Top of Data to use

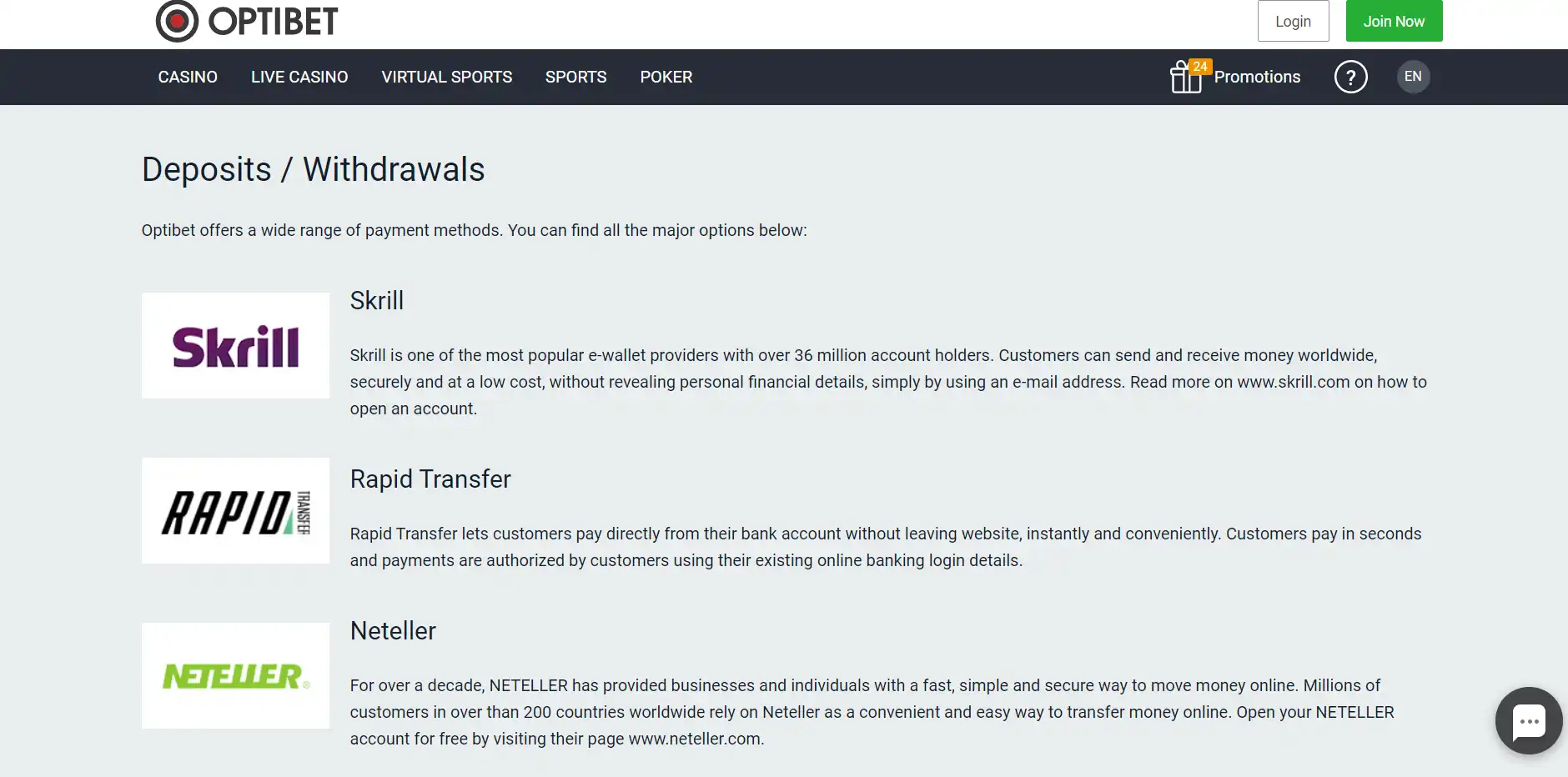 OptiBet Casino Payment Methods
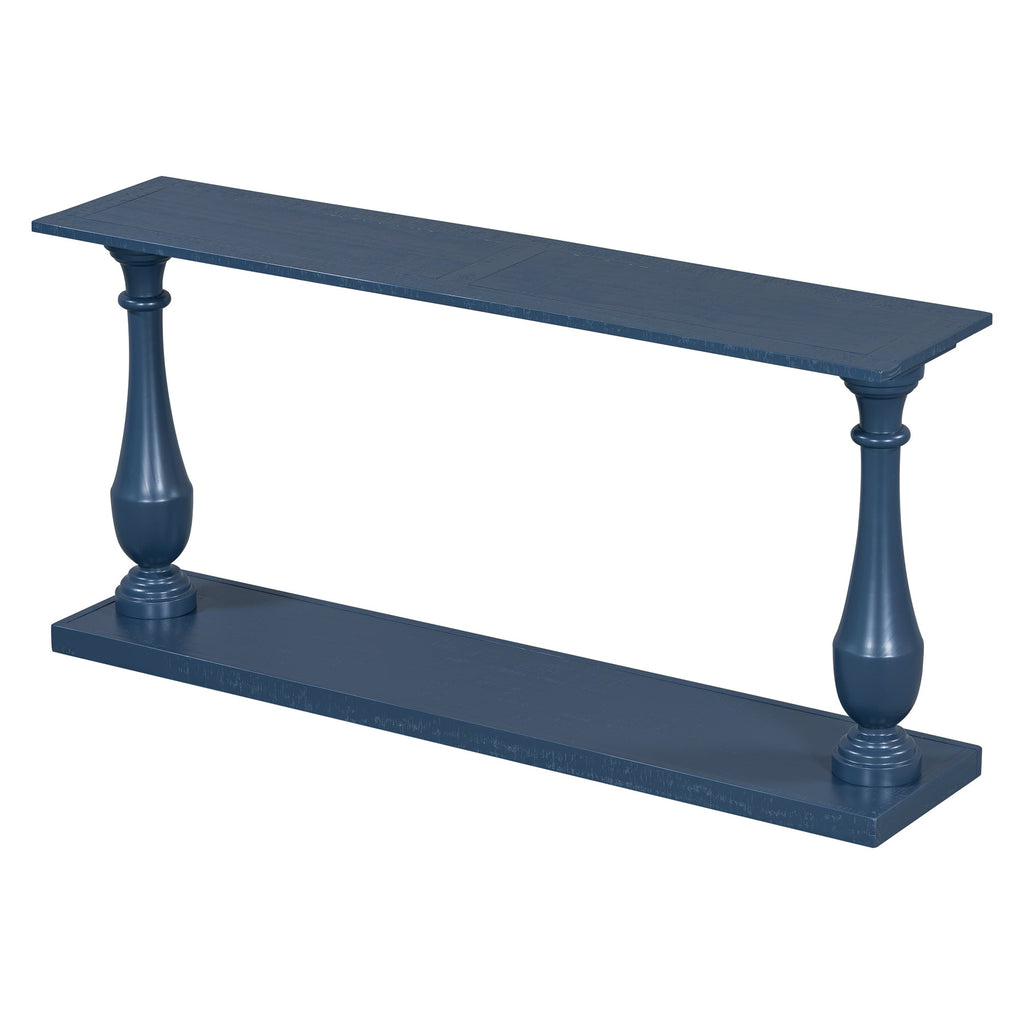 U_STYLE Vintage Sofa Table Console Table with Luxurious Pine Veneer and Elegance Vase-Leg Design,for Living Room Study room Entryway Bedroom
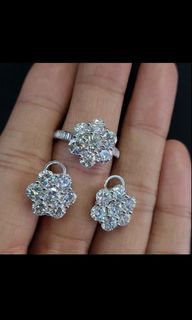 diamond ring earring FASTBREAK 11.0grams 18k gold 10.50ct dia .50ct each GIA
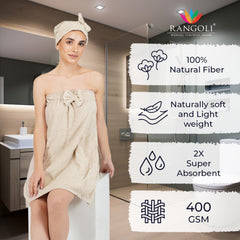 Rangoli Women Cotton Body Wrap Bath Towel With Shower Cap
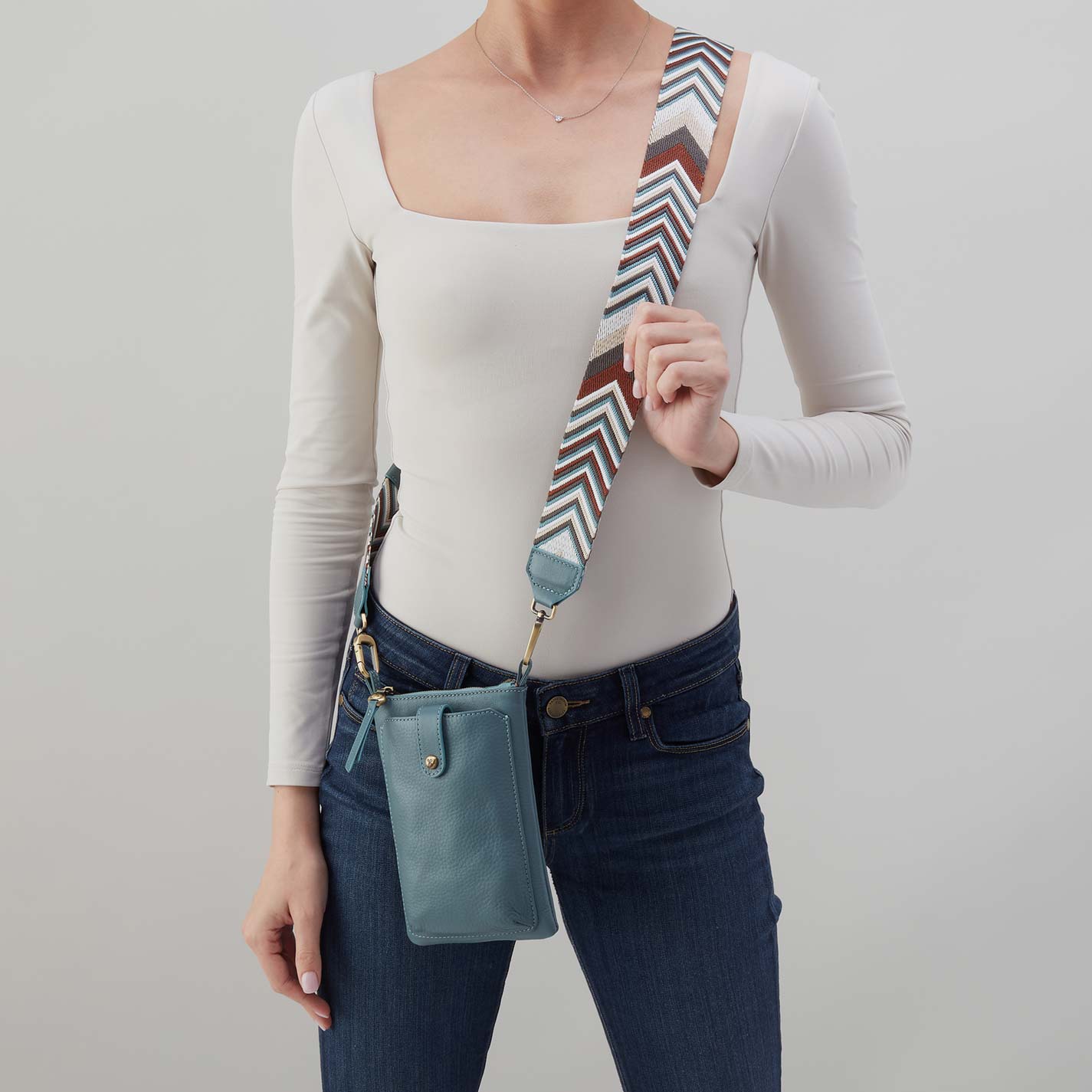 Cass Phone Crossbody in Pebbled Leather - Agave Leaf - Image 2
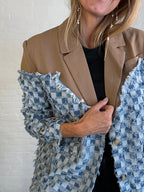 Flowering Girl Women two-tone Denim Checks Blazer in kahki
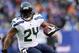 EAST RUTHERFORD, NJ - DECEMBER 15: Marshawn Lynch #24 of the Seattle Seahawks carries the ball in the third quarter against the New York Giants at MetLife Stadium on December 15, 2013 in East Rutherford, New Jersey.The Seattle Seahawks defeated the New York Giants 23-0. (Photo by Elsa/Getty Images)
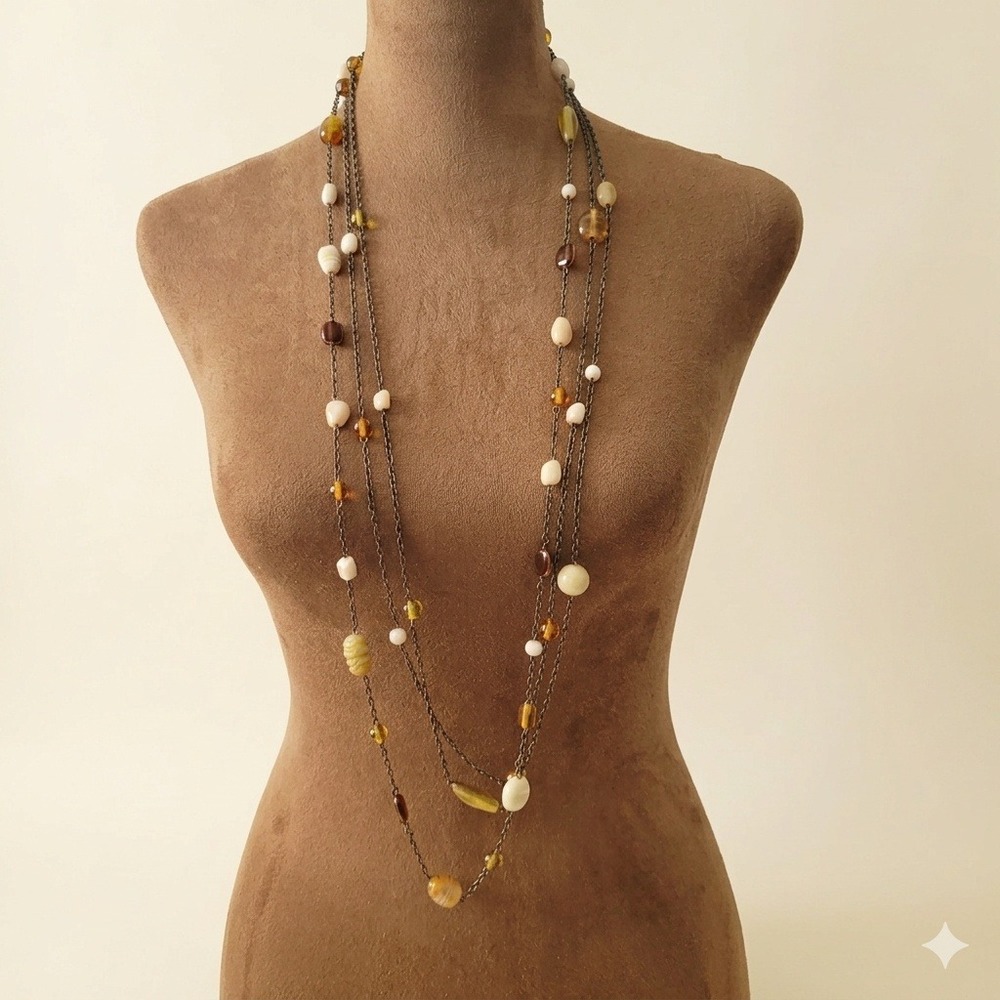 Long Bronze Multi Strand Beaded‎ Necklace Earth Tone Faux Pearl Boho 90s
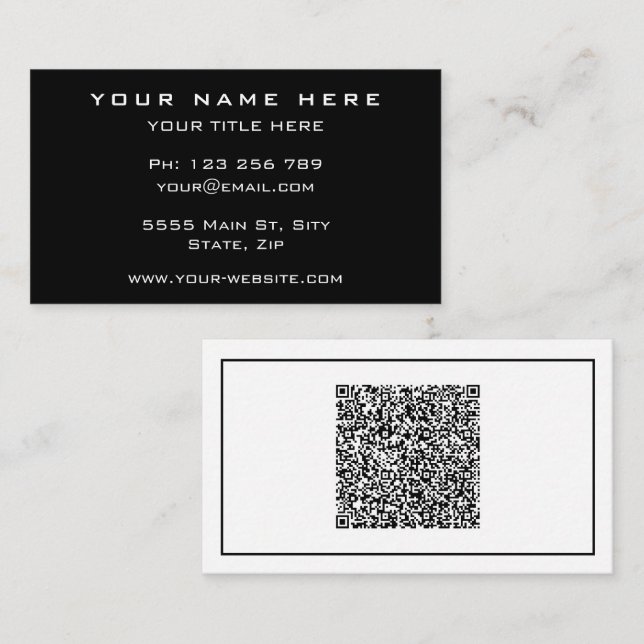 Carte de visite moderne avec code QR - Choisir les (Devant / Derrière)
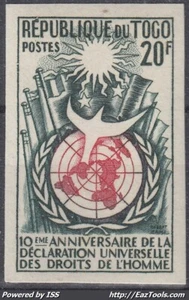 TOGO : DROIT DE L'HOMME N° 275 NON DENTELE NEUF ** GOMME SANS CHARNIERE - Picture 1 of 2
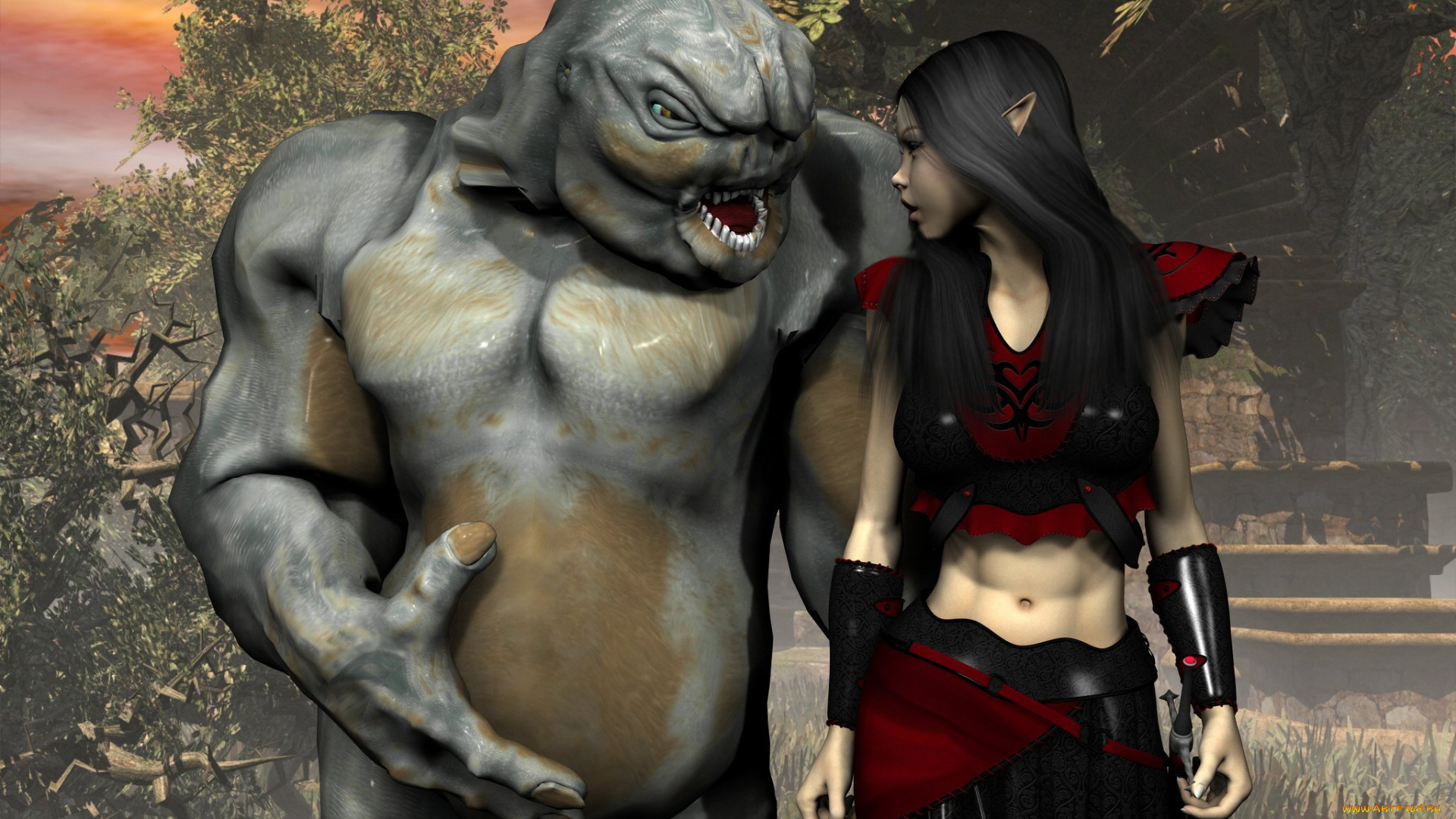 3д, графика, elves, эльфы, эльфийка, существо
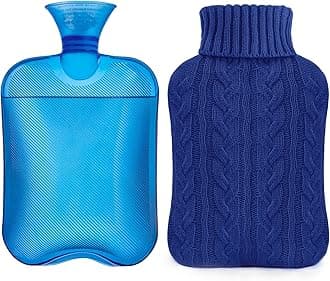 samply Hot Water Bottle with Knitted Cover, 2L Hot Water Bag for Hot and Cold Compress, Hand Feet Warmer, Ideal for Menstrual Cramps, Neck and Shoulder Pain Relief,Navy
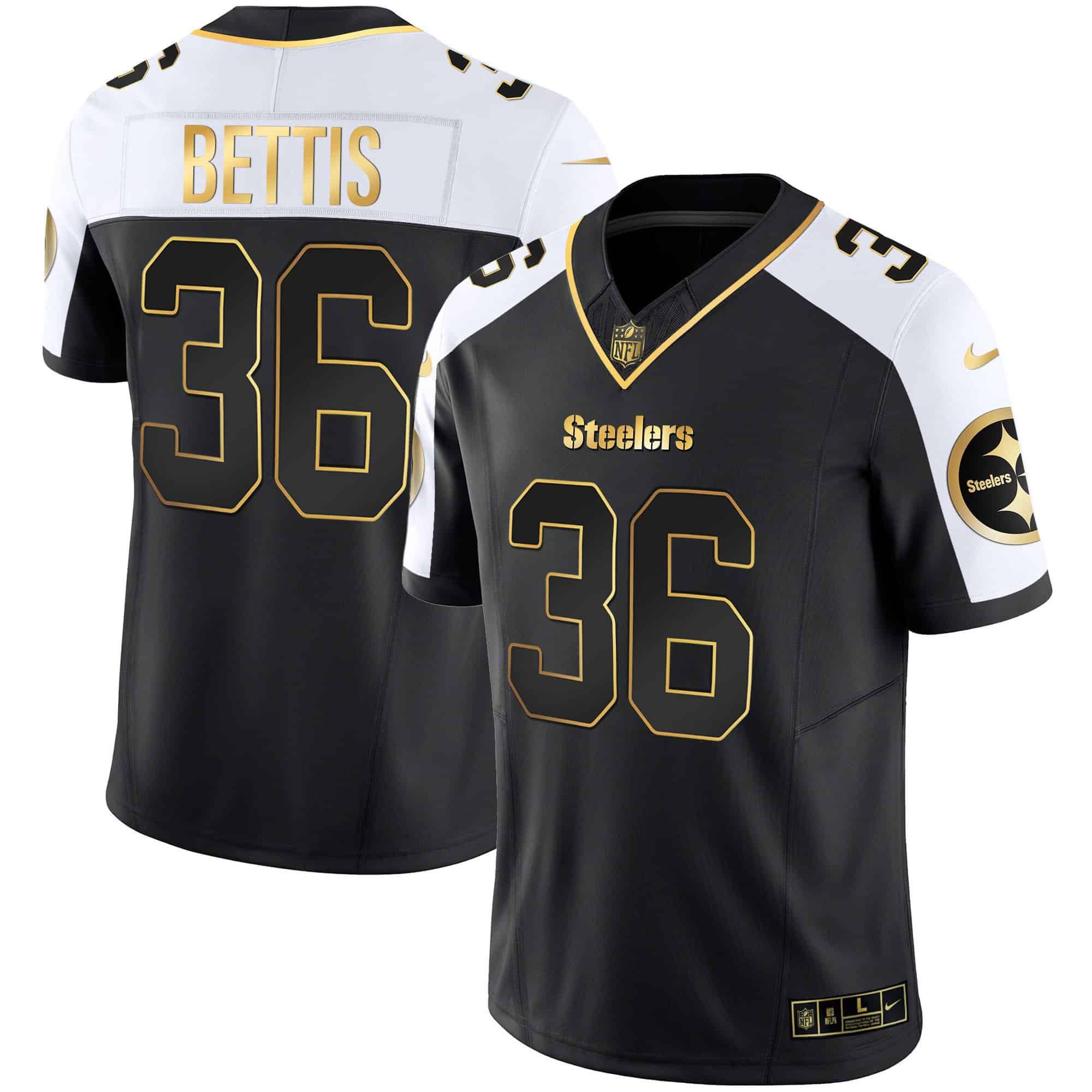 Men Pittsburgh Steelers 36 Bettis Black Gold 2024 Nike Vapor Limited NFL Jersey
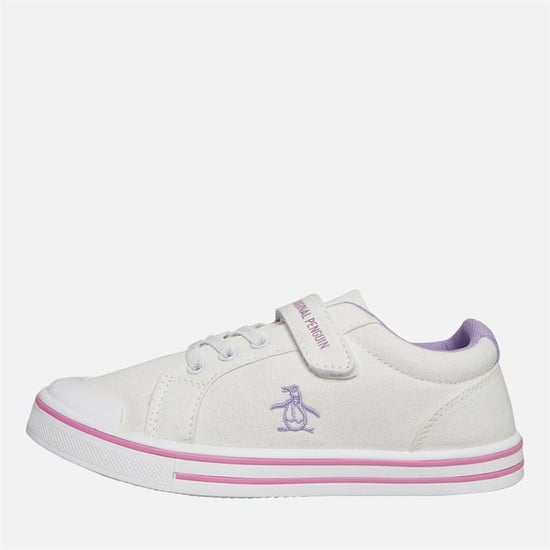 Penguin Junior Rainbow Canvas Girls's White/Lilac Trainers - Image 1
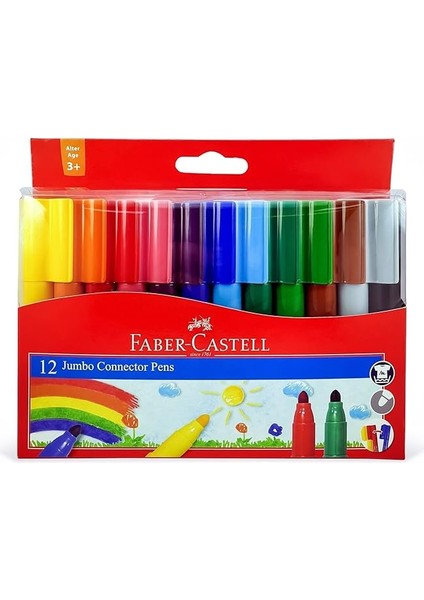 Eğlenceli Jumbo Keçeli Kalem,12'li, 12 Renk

Bottom of Data to use

* [What is needed]
How would the lines above read from the one with "Long Bronze Multi" to the one with "3д, графика, elves, эльфы, эльфийка, существо", inclusive, with no pictures? Write them out exactly.

* [Written reply]
 Long Bronze Multi Strand Beaded‎ Necklace Earth Tone Faux Pearl Boho 90s
 Carte de visite moderne avec code QR - Choisir les (Devant / Derrière)
 TOGO : DROIT DE L'HOMME N° 275 NON DENTELE NEUF ** GOMME SANS CHARNIERE - Picture 1 of 2
 3д, графика, elves, эльфы, эльфийка, существо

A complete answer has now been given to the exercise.